Noel Anderson: Blak Origin Moment – Andrea Bowers: Womxn Workers of the World Unite! Opening Celebration • Feb 10, 2017 Organized by the Contemporary Arts Center; Curated by Steven Matijcio.

CINCINNATI, OH — The Contemporary Arts Center proposes a provocative take on increasingly pressing political issues this exhibition season. Join the conversation on February 10th, 2017 to celebrate the opening of two solo exhibitions: Noel Anderson: Blak Origin Moment and Andrea Bowers: Womxn Workers of the World Unite!. Both artists will be in attendance to present artist talks, and will then join Curator Steven Matijcio in a conversation about art and activism. Following the talks, there will be live performances by the Yemi Oyediran Trio and Jennifer Simone in the CAC Lobby. The exhibitions bring a timely and necessary challenge to our traditional views of race and gender through a wide variety of images, materials and encounters.

Noel Anderson, The Sportsman [detail], 2016. Image courtesy of the Artist and Jack Tilton Gallery, New Work

“When did you know you were black?” Kentucky born, NY-based artist Noel W. Anderson’s first major Ohio exhibition asks pointed questions about the origins of racial identity in today’s turbulent “post-Ferguson” world. Blak Origin Moment features a collection of images on tapestries, objects, videos and sounds that Anderson says “evoke moments where racial recognition is heightened.” Anderson unravels his large scale tapestries to create images that are simultaneously familiar and obscured.
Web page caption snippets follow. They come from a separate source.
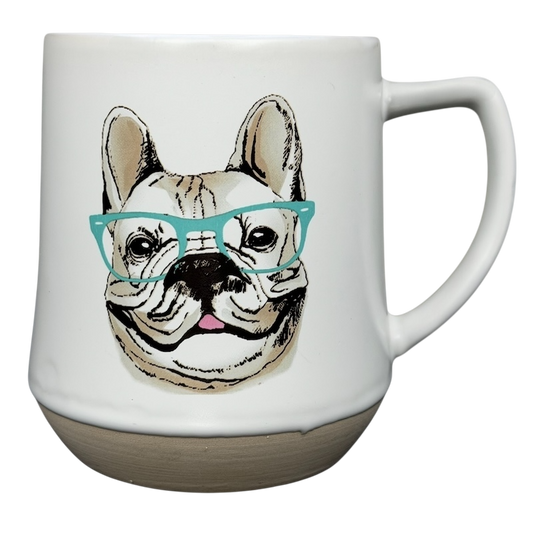 Style Is Everything French Bulldog Mug Spectrum Designz featuring a cute bulldog with glasses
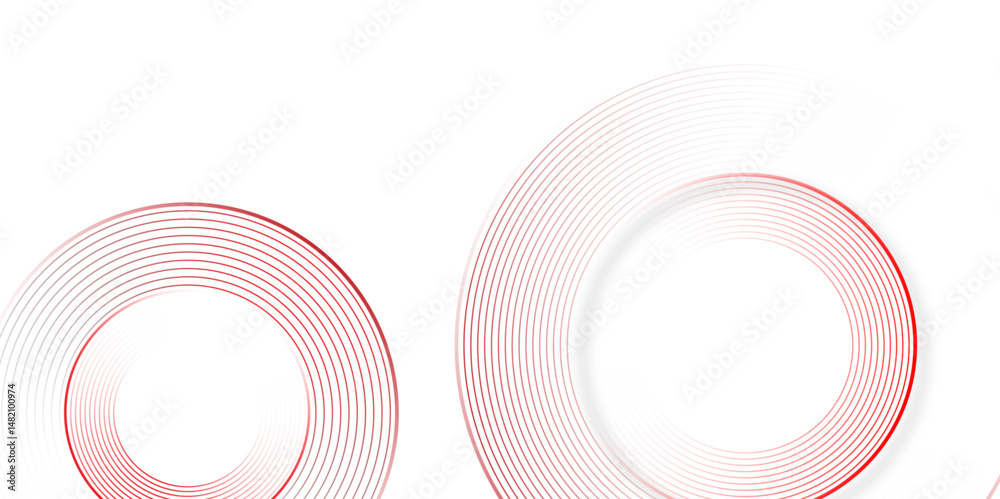 Aufkleber abstract red modern background with circle elements. gradient abstract background with circular line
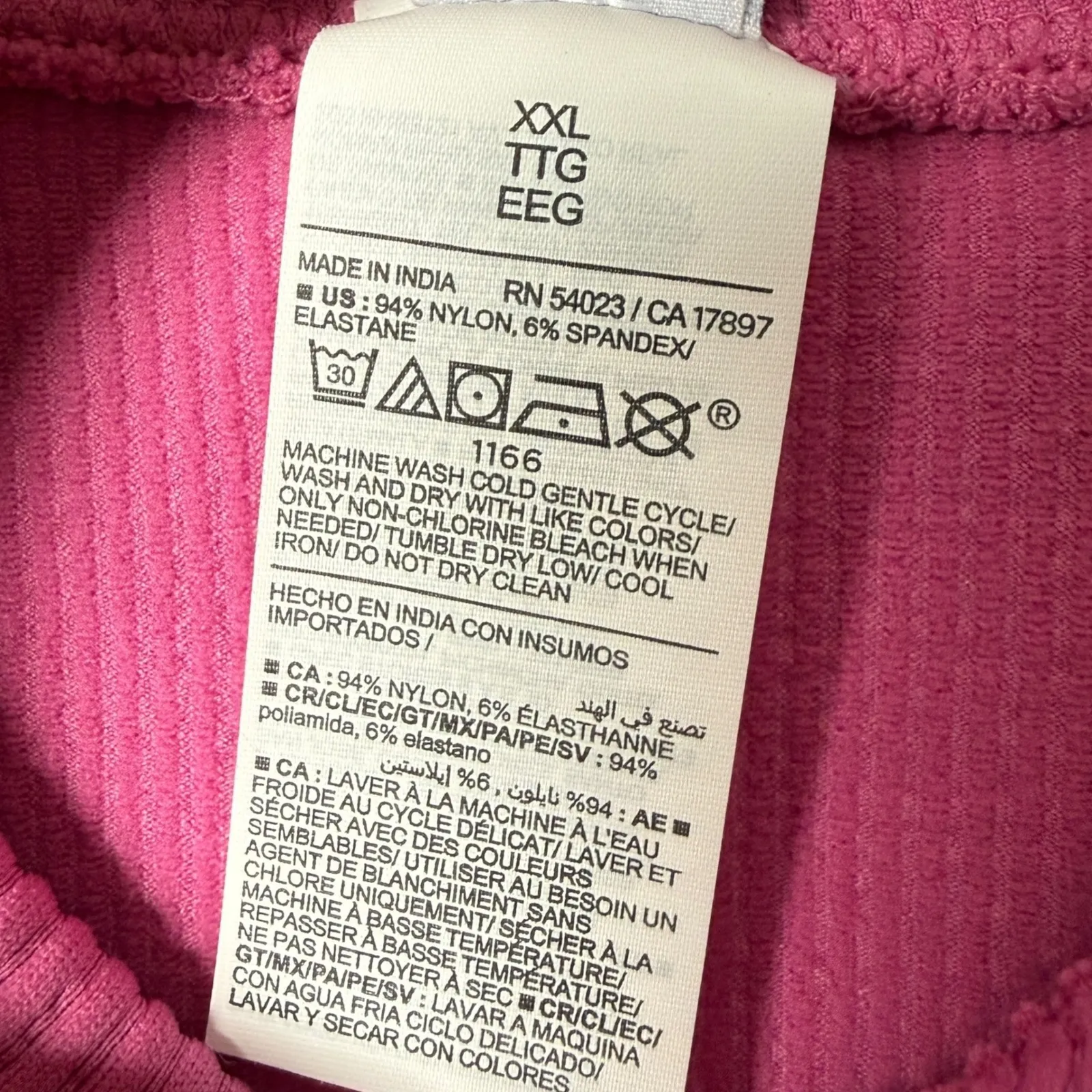 Old Navy Womens Exhale Seamless Fitted Rib T-Shirt Seamless Ribbed Pink XXL - Image 6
Andrea Bowers examines the trajectory of the feminist movement in her first solo exhibition in Ohio, Womxn Workers of the World Unite!. The Ohio-born, Los Angeles-based artist channels a range of contemporary causes including women’s rights, gay and transgender equality and environmental protection. Her exhibition features drawings, photography, video, and collage to, in her words, “create images that represent women through a feminist lens while allowing these women the freedom to reclaim and determine their sexuality and voice.”

Anderson and Bowers use their exhibitions to ask difficult, but necessary questions. They each create work at the intersection of art and politics, skillfully addressing issues of race and gender that are important and under duress in the United States. Their work is poignant and charged rather than preachy or didactic – combining compelling aesthetics and poetic meditations with urgent inquiries and challenging imagery.